Gary Locke, the first Chinese-American to have headed a state government, was US President Barack Obama's likely third choice for secretary of commerce, US media reported Monday.
A formal announcement of the nomination could come as early as Tuesday, according to US TV and wire reports.
Locke, 57, was the country's first Chinese-American governor, elected to lead the Washington state in 1996 and re-elected in 2000.
Prior to governorship, the Democrat served five terms in the House of Representatives and one term as executive of King County, Washington.
He was chairman of the House Appropriations Committee from 1989 to 1994.
Analysts said Locke is a Democrat who "is a comfortable ideological fit with the Obama administration".

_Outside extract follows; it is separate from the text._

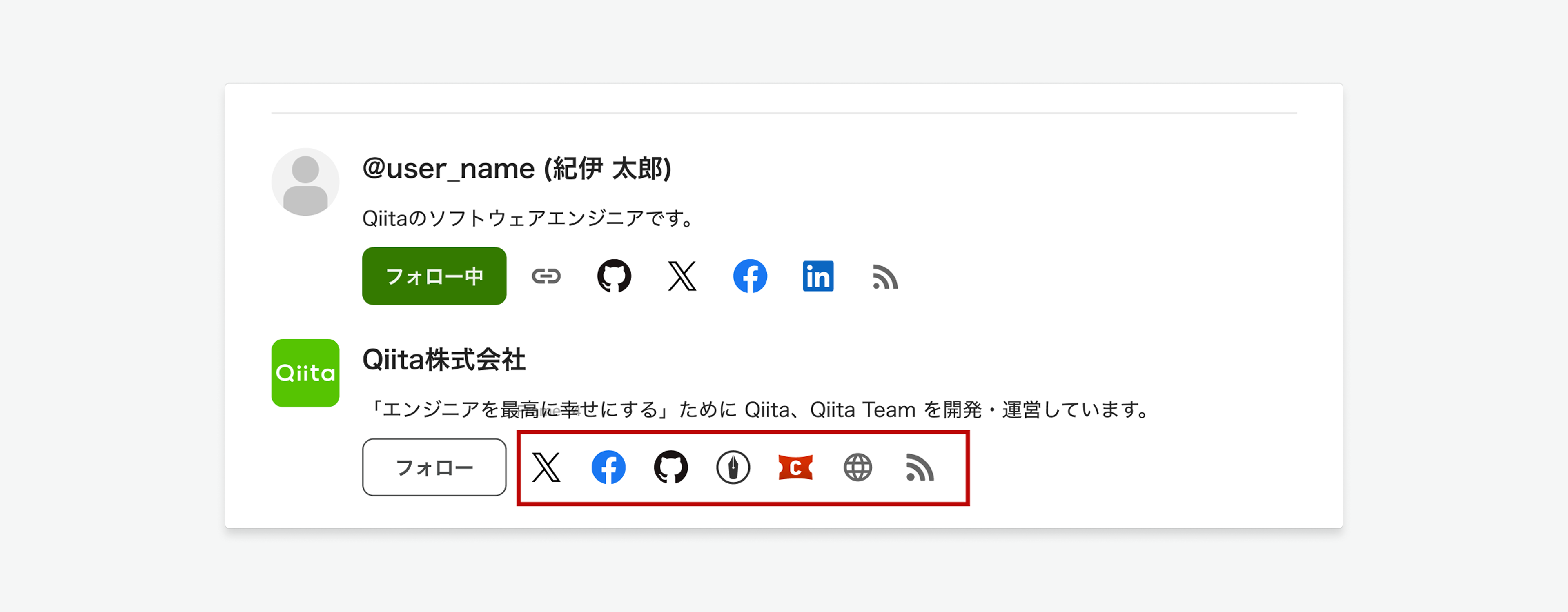 記事下のOrganization紹介欄に外部リンクアイコンが表示された例のスクリーンショット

While the secretary of commerce is not regarded as one of the top-tier power posts in the US Cabinet, he could serve as a voice for the globalists in the new administration.
He comes squarely out of the free-trade mindset of the mainstream business community in the northwestern United States and has a good relationship with China.

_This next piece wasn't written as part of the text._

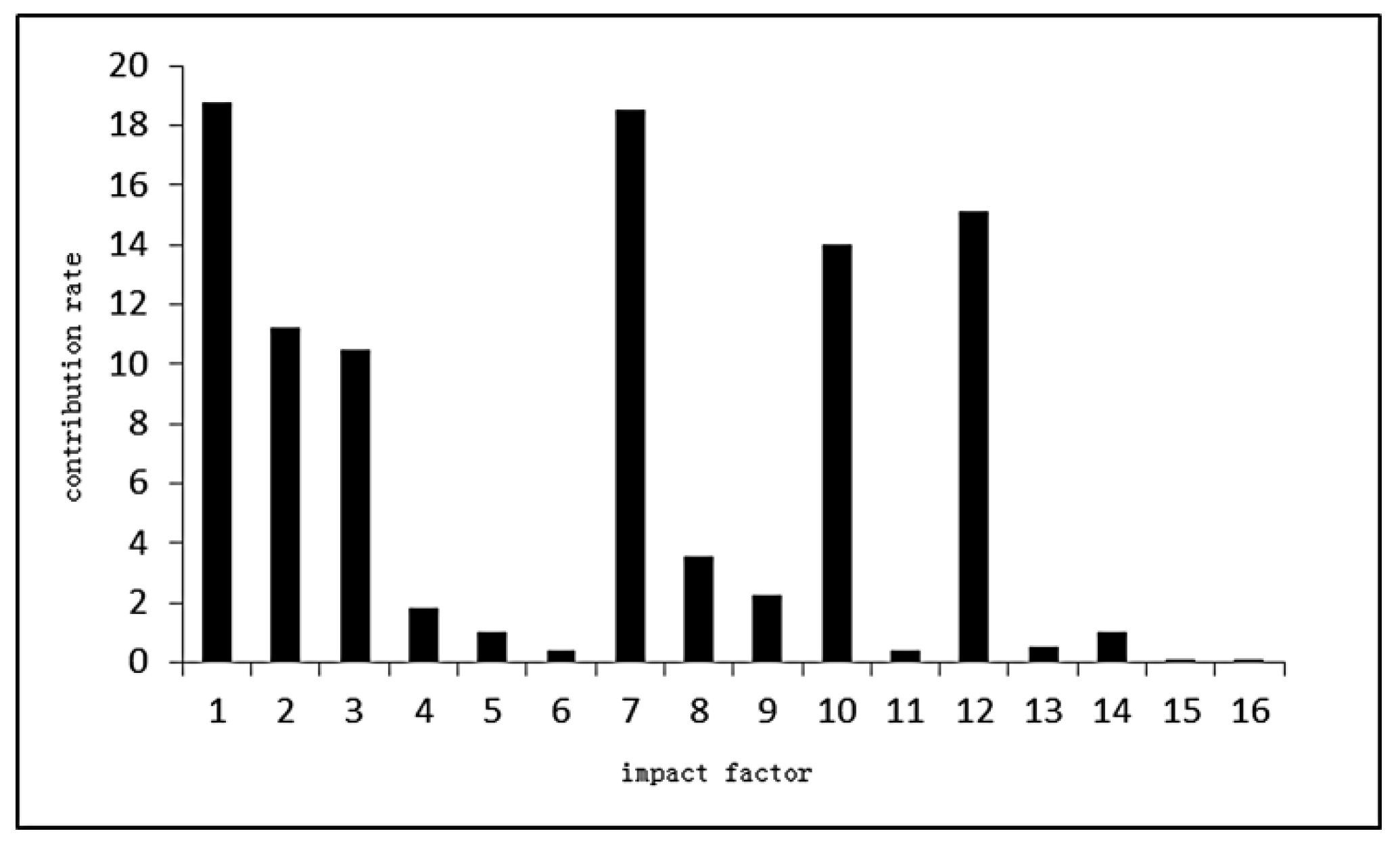 Water 14 03374 g008 Water 14 03374 g008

Personally, Locke seems like he would fit in with the "No Drama Obama" approach to governing.
During his tenure as governor, he has the reputation of being a wonkish, pragmatic figure who was not unnecessarily combative.
If nominated and confirmed, Locke would fill a post to which Obama has previously nominated New Mexico governor Bill Richardson and Republican Senator Judd Gregg form New Hampshire.
Richardson withdrew in early January, citing an ongoing federal investigation in his home state, while Gregg pulled out of consideration on February 12 because of "irresolvable conflicts" over the Obama administration's stimulus bill and the upcoming 2010 census.
Obama's young administration has been beset by problems with Cabinet nominees.
He is still searching for a candidate to lead the Department of Health and Human Services, after former Senate Democratic leader Thomas Daschle ran into obstacles.
Both Daschle and Treasury Secretary Tim Geithner were involved in tax controversies. Geithner, however, was ultimately confirmed by the Senate.